Research links weather with migraine

New York, March 10: The risk of migraine can upsurge by 7.5 percent for every five degree Celsius increase in temperature, researchers from Beth Israel Deaconess Medical Center, who studied more than 7,000 patients over a 7-year period, revealed yesterday.

The study used weather records and air pollution readings from a monitor on the roof of the Countway Library of Medicine and matched them to headache diagnoses from emergency doctors.

According to their report, for temperature increase of 9 degrees Fahrenheit (5 degrees Celsius) in 24 hours, there was a 7.5 percent higher risk of severe headache.

Low barometric pressure was linked with a small increase in risk. For every 5 millimeters the barometric pressure reading fell over 72 hours, there was a 6 percent higher risk of headache.

There was no strong association with air pollution though. But the automobile exhaust pollutant nitrogen dioxide did show a borderline effect on non-migraine headaches.

Lead author of the study, Dr. Kenneth Mukamal, said in an interview, "Our study was not big enough to look at air pollution definitively. What we did see is that there are environmental triggers to headache."

Initially, two small Canadian studies tried to compare weather and headaches but had contradictory results. "Ours was one of the very first large-scale efforts to evaluate environmental triggers for headache, particularly for severe headaches.

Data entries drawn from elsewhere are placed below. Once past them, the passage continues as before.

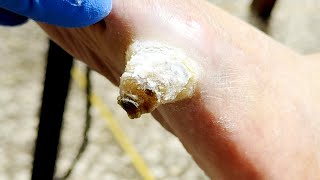 😮How To Put On Shoes Amazing Pedicure Results【Xue Yidao】 [upl. by Lamberto]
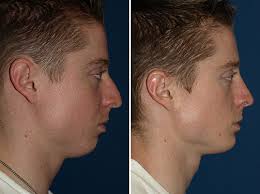Chin implant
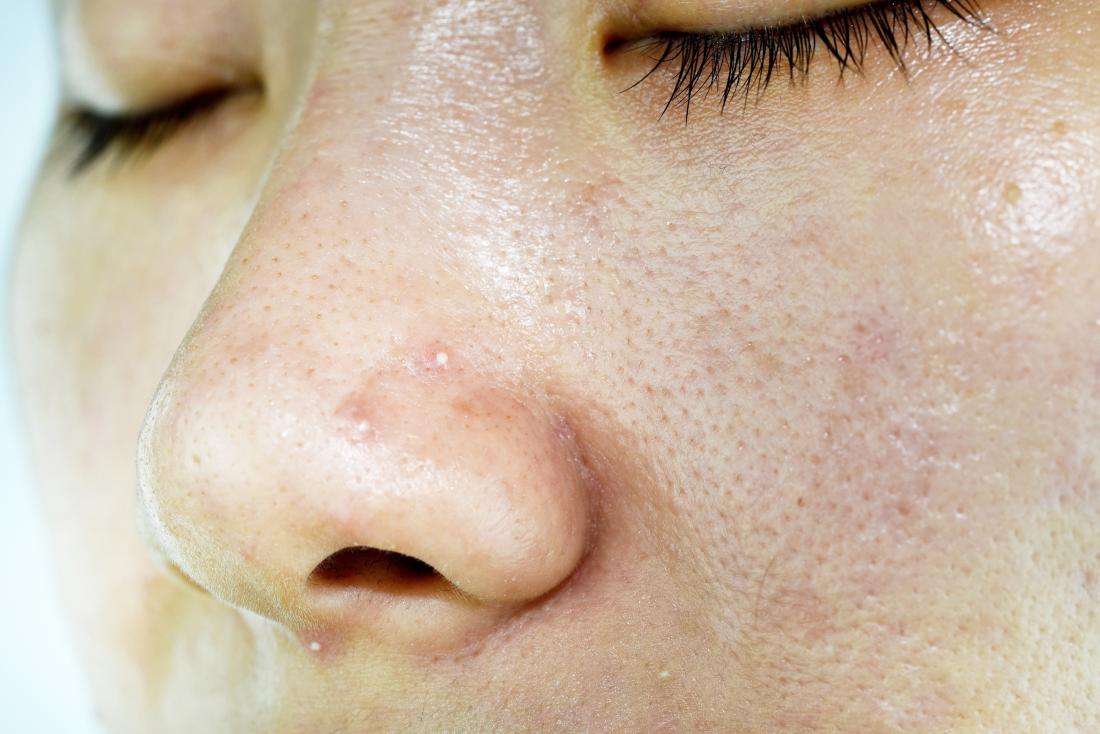 close-up-of-a-womans-oily-skin.jpg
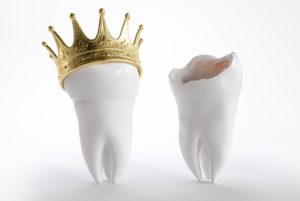 Dental crowns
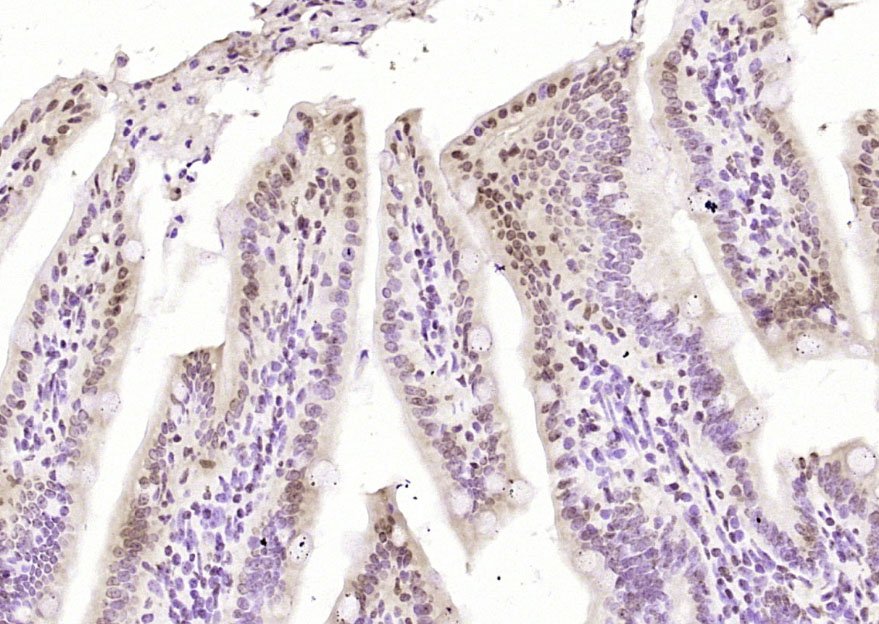 Paraformaldehyde-fixed, paraffin embedded Mouse intestine; Antigen retrieval by boiling in sodium citrate buffer (pH6.0) for 15min; Block endogenous peroxidase by 3% hydrogen peroxide for 20 minutes; Blocking buffer (normal goat serum) at 37°C for 30min; Antibody incubation with FBP1 Polyclonal Antibody, Unconjugated (bs-13224R) at 1:200 overnight at 4°C, DAB staining.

“The study was based on hospital diagnoses rather than on patients' recall of a headache was strength of the study,” Mukamal said.

But according to Dr. Deborah Friedman, a member of the American Academy of Neurology and a neurologist at the University of Rochester, “The diaries kept by headache sufferers would tell researchers when their symptoms began.”

Friedman disagreed with the research and further faulted the hospital headache diagnostic codes as not specific enough and noted that the patients' entire charts were not examined.

"To me it means you can't extrapolate and say that barometric pressure and air temperature is a migraine trigger," she said in an interview.

"All you can say is a trip to the emergency department for patients who had any kind of headache was perhaps related to a small rise in temperature and lower barometric pressure."

The study was funded by the National Institute of Environmental Health Sciences and Environmental Protection Agency and was published in March 10, issue of journal Neurology.